Florida-Georgia Line - 6-Pack
You had never heard of Charley Pride until last week. You pronounce “EP” (which this is, not an album) as if it rhymes with “step.” You’re a contractor who only has negative reviews for driving like an a**hole.
Ashley McBride - Never Will
You are a strong, independent woman who don’t need no man. Or you’re anybody else with an ear for worthy music, actually. It’s damn good.
Hardy - A Rock
You’re a 25-32 year old male who lost his identity once bro-country went out of fashion and you are so damn thankful you now have something new to crank out of your 2013 ragged-out Raptor with the fading “Lifted Cause Fat Chicks Can’t Jump” sticker.
The Chicks - Gaslighter
You forced yourself to believe this is a great album to fit in with the other trendy left-leaning country fans on Twitter. You’re not enthused with Joe Biden, and are even less enthused with me making you do a self-assessment of what you really think of this, The Chicks’ worst album by a long shot.
Luke Bryan - Born Here, Live Here, Die Here
The last book you read was The Hunger Games. You only have a “Blue Lives Matter” sticker on your car so you won’t get a ticket for going 60 in a 35 every day taking your kids to soccer practice.

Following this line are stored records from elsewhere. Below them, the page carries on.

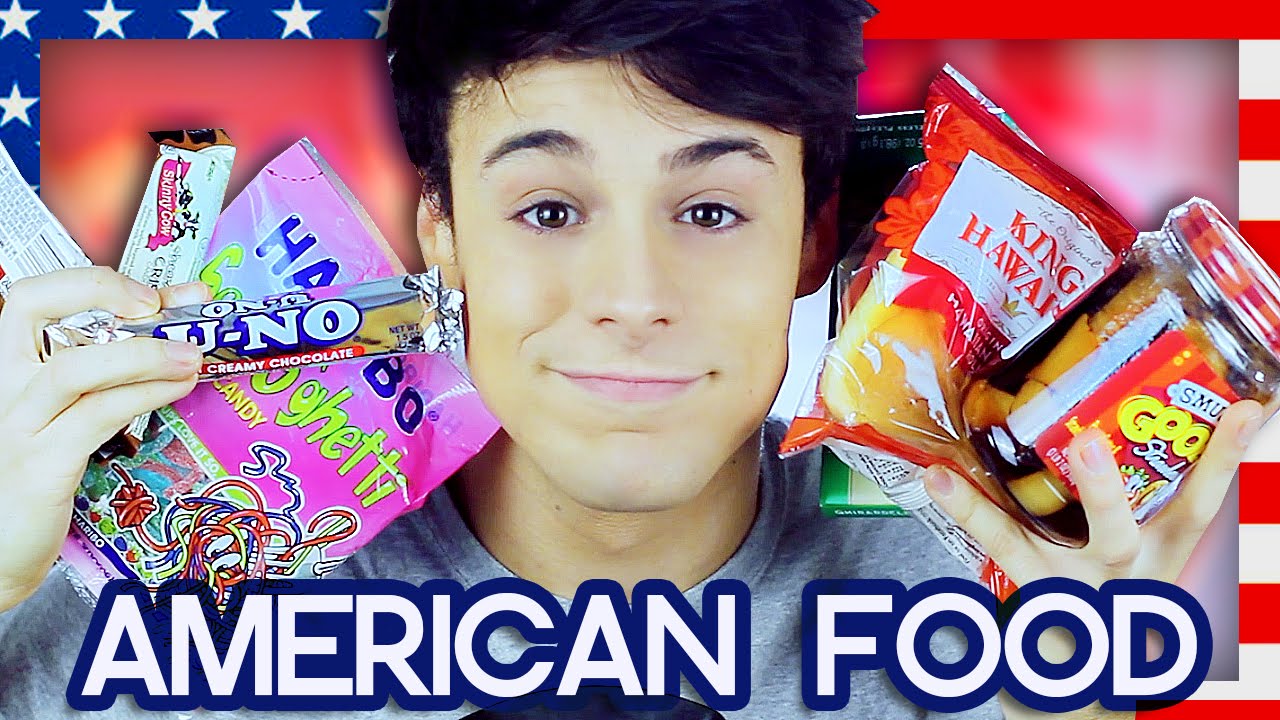 AMERICAN FOOD TASTE TEST! | Raphael Gomes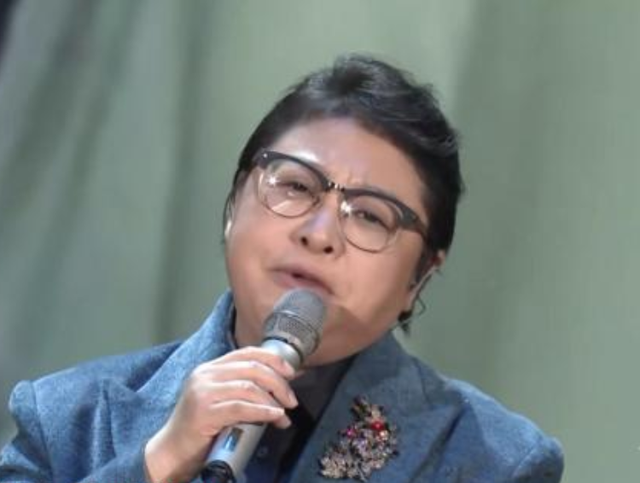 49岁韩红暴瘦40斤!春晚表演撑不住西装,采访透露瘦身秘籍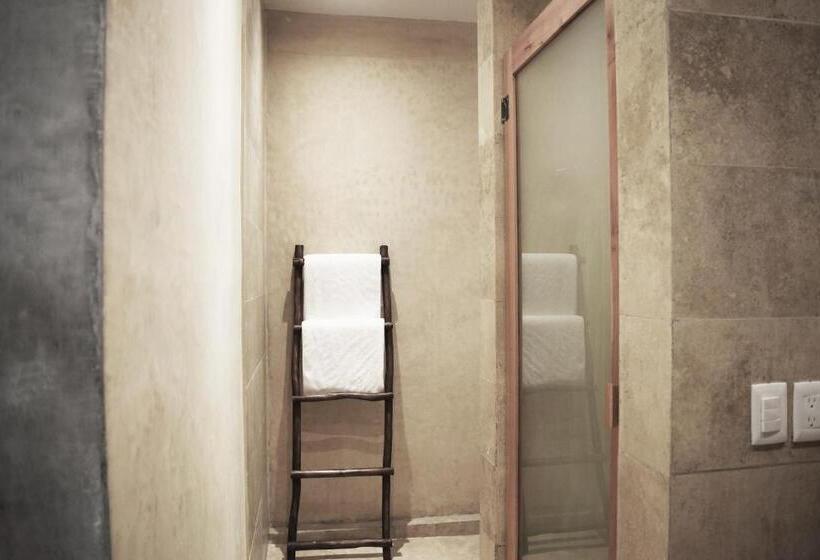 小型套房带泳池景, Casa Hormiga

Jason Isbell & The 400 Unit - Reunions
You are a sports writer. You frequently work “30-50 feral hogs” into everyday conversations.
Trapt - Shadow Work
You think the Covid vaccine is a Chinese ploy to seed the American population with mind control nanobots. You were one of the 12 people in attendance at Trapt’s most recent concert. You are the lead singer of Trapt.
American Aquarium - Lamentations
You are not a pecan farmer.
AC/DC - Power Up
This is the first album you purchased since AC/DC’s Black Ice. Your wife is tired of your vaping. You blame the pandemic for your weight gain, but you couldn’t fit in those size 36 Levi’s even last November.